Vicente graduated from university with a degree in Religion, which qualified her to teach religion, and subsequently obtained a degree in Modern Languages and Portuguese and English Literature from the University of Lisbon. She was a founder-member of the Pragma Cooperative, a Catholic organization opposed to the Estado Novo, and in April 1967, was arrested by the PIDE (International and State Defence Police) and held for three days in Caxias prison near Lisbon. Pragma was subsequently dissolved.

==Working life==
Vicente was married to António Pedro Vicente (1938 – 2024) and was the mother of two children. Initially, she worked as a teacher and translator. After the Carnation Revolution of 25 April 1974, which saw the overthrow of the Estado Novo, she became a civil servant, working in the offices of Maria de Lourdes Pintassilgo, Portugal's only female prime minister and a woman who, like Vicente, had a strong Catholic faith. She also worked for Leonor Beleza, who served as Minister of Health. Vicente was executive secretary of the Portuguese National Program to Combat Drugs, known as Project VIDA. She also worked at the Comissão para a Igualdade e para os Direitos das Mulheres (Commission for Equality and for Women's Rights), of which she was the Director from 1992 to 1996. On a personal level, Vicente was involved with the international movement We are Church, which she was responsible for introducing to Portugal in 1997, together with Maria João Sande Lemos. She carried out consultancy assignments on reproductive health in Portuguese-speaking African countries, together with Purificação Araújo, on behalf of the United Nations Population Fund.

Vicente stopped working professionally in 1998, but continued to be active as a writer, authoring fifteen books on issues of gender, history, biography, and works for children. She also worked with several non-governmental organizations, including CID, a body that aimed to support Children, the Elderly and the Disabled in institutions. She was a member of the Citizenship Education Forum and a founding member of Novo Futuro, which provides residential homes for children between 5 and 21. She was also a member of Amnesty International and the Portuguese Association of Women's Studies. Ana Vicente died at her home in Estoril on 19 April 2015, at the age of 72, of cancer.

==Publications==
- Mulheres em Discurso (Women in Speech). 1987.
- Portugal visto pela Espanha, correspondência diplomática 1939-1960 (Portugal seen by Spain, diplomatic correspondence 1939-1960). 1992.
- As mulheres em Portugal na transição do milénio: Valores, vivências, poderes nas relações sociais entre os dois sexos (Women in Portugal in the Millennium Transition). 1998.
- Os Poderes das Mulheres, os Poderes dos Homens (The Powers of Women, the Powers of Men). 2002.
- O Príncipe Real, Luiz Filipe de Bragança (1887-1908) (The Prince Royal, Luiz Filipe of Bragança), with António Pedro Vicente. 1998.
- Direitos das Mulheres/Direitos Humanos (Women's Rights / Human Rights). 1999.,
- As Mulheres Portuguesas vistas por Viajantes Estrangeiros, séc.
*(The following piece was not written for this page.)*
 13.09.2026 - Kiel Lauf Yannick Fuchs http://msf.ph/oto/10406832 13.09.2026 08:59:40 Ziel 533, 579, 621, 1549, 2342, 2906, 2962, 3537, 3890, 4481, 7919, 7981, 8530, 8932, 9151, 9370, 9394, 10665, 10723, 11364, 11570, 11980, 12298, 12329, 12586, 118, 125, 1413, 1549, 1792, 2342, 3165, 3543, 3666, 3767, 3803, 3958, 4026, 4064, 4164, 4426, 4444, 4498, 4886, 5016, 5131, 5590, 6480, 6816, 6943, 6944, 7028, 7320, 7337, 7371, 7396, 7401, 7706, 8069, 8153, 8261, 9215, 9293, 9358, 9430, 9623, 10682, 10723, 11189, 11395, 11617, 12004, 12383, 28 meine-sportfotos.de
XVIII, XIX e XX (Portuguese Women seen by Foreign Travelers). 2000.
- Arcádia - Notícia de uma Família Anglo-Portuguesa (Arcádia - News from an Anglo-Portuguese Family). 2006.
- Ser Igreja (with Leonor Xavier). 2007.
- Catholicism in Portugal. Edited writings of Susan Lowndes. 2016.
- Memórias e outras Histórias (Memories and other Stories). 2011.

===Children's books with illustrations by Madalena Matoso===
- O H Perdeu uma Perna (The H lost a leg). 2005.
- Para que serve o Zero? (What is Zero for?). 2006.
- Onde Está o Mi? (Where is the Mi?). 2006.
- Onde Acaba o Arco-Íris? (Where does the Rainbow end?). 2007.

===Contributor===
- Dicionário no Feminino (Feminine Dictionary) published in 2005
- Feminae – Contemporary Dictionary, published in 2013.